Ordunque, luoghi di potere e Genius Loci.

Ammetto che l’argomento Genius Loci è per me praticamente nuovo. Avevo letto qualche cosina, ma non sono mai riuscita ad approfondire, anche se mi chiedo se ci sia qualche connessione tra questa “figura” magica e il mondo feerico. Ma non sparerò ipotesi azzardate. Mi limito a dire che io non conosco bene nessun Genius Loci, e sto in qualche maniera cercando di rimediare, partendo dal piccolo.

Nello specifico, nonostante abbia il parco recintato più grande d’Europa a uno sputo da casa mia, l’unico luogo in cui mi sono ritrovata a combinare qualcosa è il mio giardino. E’ piccolo, quadrato, ma abbiamo qualche albero e ci sto coltivando un po’ di erbe. Più tempo ci passo, più tempo lo osservo, più imparo. E più, forse, imparo a conoscere lo spirito che ci vive. Uno spirito che probabilmente ha una certa predilezione per il vino, a quanto pare (lo dico perchè ho una pianta di vite che sta crescendo a dismisura. Sembra “La maledizione della vite assassina”. E’ allucinante).

In ogni caso, mi ritrovo spesso a sedermi in giardino a meditare, nonostante le perplessità dei miei (che non dicono niente, ma io le sento diamine). Solo una volta sono riuscita a celebrare un rituale, un esbat che ho passato seduta sotto la quercia a contemplare la luna…non un granchè a dirla così, ma vi assicuro che è stato uno dei rituali migliori che abbia mai celebrato.

Sto cercando di studiare le varie piante che ci crescono e gli animali che ci passano, che a dirla tutta sono un po’: ricci, gatti, topi, lucertole, una quantità spropositata di uccelli e di insetti…non sono ancora passate rane o rospi, ma so che verrà il giorno.

Il parco recintato più grande d’Europa e le sue cipolle selvatiche

Un altro luogo per me magico è, per l’appunto, il Parco che ho a uno sputo da casa, ma a parte passeggiate sporadiche e ricordi d’infanzia non sono mai riuscita a combinare molto, anche se mi piacerebbe. Il punto è che il dannato parco è frequentatissimo. Non credo di essere mai riuscita a trovare un punto in cui potevo starmene tranquilla. E sinceramente non ho voglia di stare a spiegare al signore cosa sto facendo sulle rive del fiume, “và che poi cadi e ti prendi le malattie”. Quindi per ora nisba. Anche se è una tappa obbligata a S. Giovanni, la notte dei fuochi d’artificio qui da noi (che ovviamente attira un puttanaio di gente e devi andare lì alle sette per prendere posto. E lo spettacolo inizia alle dieci).

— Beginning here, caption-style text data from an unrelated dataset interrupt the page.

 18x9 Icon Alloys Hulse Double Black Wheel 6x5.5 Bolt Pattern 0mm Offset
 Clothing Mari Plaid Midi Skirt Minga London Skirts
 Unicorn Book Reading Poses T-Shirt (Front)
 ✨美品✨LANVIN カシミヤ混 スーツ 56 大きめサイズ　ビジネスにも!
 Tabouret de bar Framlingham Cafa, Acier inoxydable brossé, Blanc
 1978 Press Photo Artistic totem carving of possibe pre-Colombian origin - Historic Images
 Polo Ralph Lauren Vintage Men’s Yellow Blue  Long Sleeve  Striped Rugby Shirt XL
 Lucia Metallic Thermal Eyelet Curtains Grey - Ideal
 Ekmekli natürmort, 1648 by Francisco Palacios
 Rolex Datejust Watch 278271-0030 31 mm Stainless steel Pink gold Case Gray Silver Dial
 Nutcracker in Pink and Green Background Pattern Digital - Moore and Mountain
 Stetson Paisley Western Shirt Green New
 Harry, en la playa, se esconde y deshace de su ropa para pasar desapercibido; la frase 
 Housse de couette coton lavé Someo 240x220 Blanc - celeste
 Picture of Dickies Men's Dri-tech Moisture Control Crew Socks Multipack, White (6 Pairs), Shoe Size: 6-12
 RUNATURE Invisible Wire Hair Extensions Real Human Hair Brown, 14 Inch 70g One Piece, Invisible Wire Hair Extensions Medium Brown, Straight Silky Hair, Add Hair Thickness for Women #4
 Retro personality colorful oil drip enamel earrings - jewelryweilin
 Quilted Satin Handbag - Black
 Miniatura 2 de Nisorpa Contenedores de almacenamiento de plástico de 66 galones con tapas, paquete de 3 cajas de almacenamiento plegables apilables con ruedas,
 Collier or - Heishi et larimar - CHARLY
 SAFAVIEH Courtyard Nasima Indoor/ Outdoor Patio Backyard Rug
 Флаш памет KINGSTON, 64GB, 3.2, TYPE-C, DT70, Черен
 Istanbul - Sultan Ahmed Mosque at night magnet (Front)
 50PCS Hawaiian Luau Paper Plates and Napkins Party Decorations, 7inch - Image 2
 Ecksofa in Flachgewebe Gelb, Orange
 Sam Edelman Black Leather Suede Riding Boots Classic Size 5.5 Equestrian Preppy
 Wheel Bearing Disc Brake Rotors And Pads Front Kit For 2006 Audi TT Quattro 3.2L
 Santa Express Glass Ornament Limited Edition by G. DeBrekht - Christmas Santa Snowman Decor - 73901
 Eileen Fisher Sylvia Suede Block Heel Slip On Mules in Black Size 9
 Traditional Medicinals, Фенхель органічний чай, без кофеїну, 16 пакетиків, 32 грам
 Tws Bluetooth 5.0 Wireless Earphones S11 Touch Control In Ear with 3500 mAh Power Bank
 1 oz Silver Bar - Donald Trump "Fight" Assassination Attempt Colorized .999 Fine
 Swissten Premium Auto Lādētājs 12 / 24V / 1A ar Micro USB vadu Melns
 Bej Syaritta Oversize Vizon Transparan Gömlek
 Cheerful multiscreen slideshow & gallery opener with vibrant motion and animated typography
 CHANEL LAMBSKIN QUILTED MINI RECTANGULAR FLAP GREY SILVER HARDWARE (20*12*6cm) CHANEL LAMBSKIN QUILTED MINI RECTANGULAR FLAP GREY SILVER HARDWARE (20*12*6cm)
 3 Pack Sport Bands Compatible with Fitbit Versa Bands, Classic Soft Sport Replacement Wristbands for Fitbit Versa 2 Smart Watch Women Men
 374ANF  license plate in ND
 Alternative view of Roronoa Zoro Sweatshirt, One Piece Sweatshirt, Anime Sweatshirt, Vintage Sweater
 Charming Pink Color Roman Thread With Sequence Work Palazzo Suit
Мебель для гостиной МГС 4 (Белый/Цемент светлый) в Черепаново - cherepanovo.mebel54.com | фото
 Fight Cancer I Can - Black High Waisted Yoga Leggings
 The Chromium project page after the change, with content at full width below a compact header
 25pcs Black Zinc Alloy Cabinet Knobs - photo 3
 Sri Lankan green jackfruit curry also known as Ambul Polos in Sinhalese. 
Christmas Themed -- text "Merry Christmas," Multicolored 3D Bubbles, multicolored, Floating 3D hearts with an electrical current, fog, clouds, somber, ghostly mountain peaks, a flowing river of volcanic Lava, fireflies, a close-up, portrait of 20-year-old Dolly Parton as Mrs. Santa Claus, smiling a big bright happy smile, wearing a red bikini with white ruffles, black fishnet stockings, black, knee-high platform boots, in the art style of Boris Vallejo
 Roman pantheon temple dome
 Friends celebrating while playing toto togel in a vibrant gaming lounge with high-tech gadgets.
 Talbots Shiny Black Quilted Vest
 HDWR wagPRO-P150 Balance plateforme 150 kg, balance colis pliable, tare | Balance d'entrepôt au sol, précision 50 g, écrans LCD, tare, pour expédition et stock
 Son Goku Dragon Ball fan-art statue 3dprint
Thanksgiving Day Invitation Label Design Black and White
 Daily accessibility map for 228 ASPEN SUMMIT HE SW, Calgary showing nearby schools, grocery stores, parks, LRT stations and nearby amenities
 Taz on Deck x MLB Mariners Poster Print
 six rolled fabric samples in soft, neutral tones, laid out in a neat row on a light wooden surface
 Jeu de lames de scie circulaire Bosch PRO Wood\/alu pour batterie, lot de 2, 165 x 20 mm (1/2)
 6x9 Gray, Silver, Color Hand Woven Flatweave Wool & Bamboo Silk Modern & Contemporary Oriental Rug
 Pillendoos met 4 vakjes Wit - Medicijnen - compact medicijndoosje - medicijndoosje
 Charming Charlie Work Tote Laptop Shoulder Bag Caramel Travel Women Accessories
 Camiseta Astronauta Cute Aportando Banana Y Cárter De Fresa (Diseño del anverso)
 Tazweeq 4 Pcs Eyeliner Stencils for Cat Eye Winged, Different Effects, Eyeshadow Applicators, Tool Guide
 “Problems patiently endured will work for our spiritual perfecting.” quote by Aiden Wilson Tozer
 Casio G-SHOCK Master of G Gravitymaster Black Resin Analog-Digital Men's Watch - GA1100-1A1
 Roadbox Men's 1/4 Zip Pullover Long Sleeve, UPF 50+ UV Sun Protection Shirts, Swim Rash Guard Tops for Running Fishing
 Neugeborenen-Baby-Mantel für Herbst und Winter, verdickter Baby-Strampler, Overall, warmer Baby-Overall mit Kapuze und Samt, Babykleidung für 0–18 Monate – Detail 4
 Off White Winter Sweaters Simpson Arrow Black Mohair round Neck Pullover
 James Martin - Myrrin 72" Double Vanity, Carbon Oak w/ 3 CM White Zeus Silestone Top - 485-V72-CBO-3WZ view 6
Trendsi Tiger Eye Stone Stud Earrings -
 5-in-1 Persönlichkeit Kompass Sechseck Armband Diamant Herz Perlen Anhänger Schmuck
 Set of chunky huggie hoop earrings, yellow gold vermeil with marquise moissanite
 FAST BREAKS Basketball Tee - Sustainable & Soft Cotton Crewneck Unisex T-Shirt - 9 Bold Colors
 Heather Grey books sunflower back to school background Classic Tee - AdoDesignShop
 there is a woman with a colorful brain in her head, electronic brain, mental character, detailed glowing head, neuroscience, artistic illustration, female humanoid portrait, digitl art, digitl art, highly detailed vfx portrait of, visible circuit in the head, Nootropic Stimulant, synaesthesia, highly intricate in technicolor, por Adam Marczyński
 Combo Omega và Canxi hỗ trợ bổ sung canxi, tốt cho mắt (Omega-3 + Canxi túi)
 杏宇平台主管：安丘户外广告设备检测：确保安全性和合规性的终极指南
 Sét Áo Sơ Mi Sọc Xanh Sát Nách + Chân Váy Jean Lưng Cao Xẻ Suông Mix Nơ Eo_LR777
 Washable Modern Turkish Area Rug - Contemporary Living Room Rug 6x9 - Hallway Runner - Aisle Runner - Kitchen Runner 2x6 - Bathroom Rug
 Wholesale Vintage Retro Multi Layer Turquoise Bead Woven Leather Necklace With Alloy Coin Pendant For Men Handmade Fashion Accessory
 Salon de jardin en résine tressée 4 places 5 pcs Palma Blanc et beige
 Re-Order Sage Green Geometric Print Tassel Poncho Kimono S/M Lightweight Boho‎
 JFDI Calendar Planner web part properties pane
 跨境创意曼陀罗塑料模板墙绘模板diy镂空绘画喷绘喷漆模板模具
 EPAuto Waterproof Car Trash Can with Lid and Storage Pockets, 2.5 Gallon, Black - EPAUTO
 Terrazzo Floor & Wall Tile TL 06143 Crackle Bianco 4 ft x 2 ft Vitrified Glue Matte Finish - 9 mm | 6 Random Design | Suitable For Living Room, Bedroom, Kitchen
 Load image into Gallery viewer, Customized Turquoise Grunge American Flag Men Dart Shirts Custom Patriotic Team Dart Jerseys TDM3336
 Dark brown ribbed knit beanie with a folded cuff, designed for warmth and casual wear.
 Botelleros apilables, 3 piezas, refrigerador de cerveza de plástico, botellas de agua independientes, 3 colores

Un altro luogo è un altro parco, molto più piccolo ma anche molto meno frequentato, che sta in un paese vicino al mio, e in cui ho passato alcuni romantici momenti con il mio ragazzo e ho avuto una sorta di esperienza giusto qualche giorno fa. Diciamo che io ho chiamato e qualcuno ha risposto (no, niente di misterioso, non credete).

Una cosa che mi piacerebbe tantissimo è celebrare in spiaggia, e forse quest’anno ce la farò, ma è tutto da vedere. Perchè il mare suscita un’influenza incredibile su di me.